Le plan de cette Association de Crédit général réunit plusieurs idées fécondes, dont aucune n’est absolument neuve sans doute, mais qui le deviennent presque par leur combinaison. Quand l’Omnium sera devenu une réalité, ce sera le système de banque le plus complet en soi, et le plus étendu par ses ramifications, dont on ait jusqu’ici doté le monde industriel et commercial. Il y a bien en cela quelques côtés faibles, comme dans toute création humaine, et nous n’abdiquons pas ici la faculté et le devoir de les signaler un jour par une critique sérieuse, impartiale et surtout bienveillante ; mais l’idée fondamentale est bonne, la combinaison heureuse et fortement liée ; elle est praticable, elle sera réalisée, je ne dirai pas à quel moment ; mais il est bon que, dès aujourd’hui, elle se propage et se popularise.

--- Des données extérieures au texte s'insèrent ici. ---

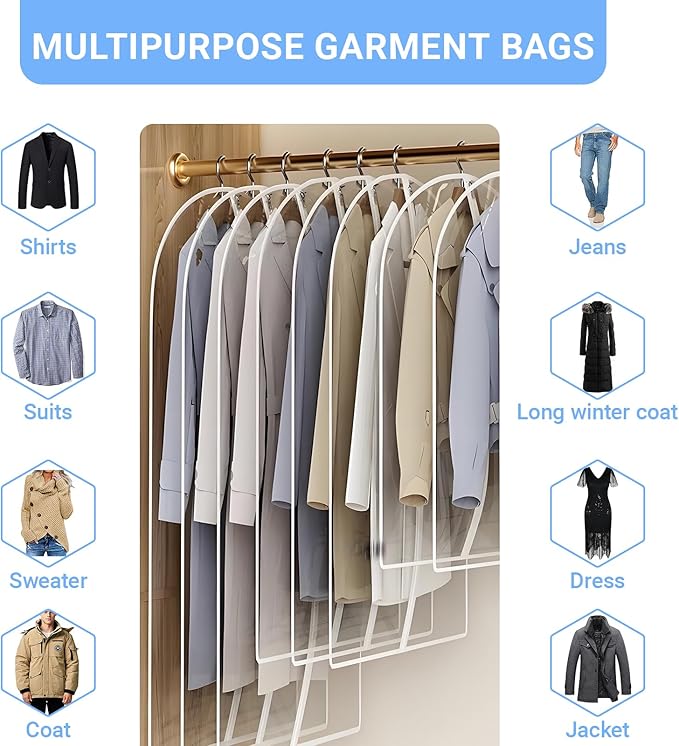Garment Bags for Hanging Clothes 24'' x 54'' (Set of 12) Coat Covers for Closet Foldable Washable Dress Bags for Hanging Clothes for Long Dress Dance Costumes Suits Gowns Coats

Les fondateurs de l’Omnium, et M. de Ripert-Monclar, qui en a conçu la première pensée, ont vu que notre plus puissante association de crédit, la banque de France, ne parvient à faire accepter des billets de circulation que dans un rayon très court, qui ne dépasse guère les limites de Paris et de sa banlieue ; ils ont vu que, même avec le concours des trois ou quatre comptoirs récemment fondés par elle dans autant de villes de province, et investis du droit et des provisions nécessaires pour acquitter directement ses effets de crédit, elle n’a pas pu obtenir pour ceux-ci, à une certaine distance de la capitale, un placement abondant et avantageux. Ils en auront conclu évidemment qu’il ne suffisait pas de couvrir la France et les états européens de succursales correspondantes à la banque de l’Omnium, mais que c’était à la nature même des effets de crédit qu’il fallait s’en prendre. En conséquence, ils ont attaché à ceux qu’émettra l’Omnium un intérêt modéré, il est vrai, mais satisfaisant, d’où résultera pour eux, nous le croyons volontiers, une circulation plus active et un accueil très favorable dans les localités les plus rebelles jusqu’ici à toute combinaison de banque.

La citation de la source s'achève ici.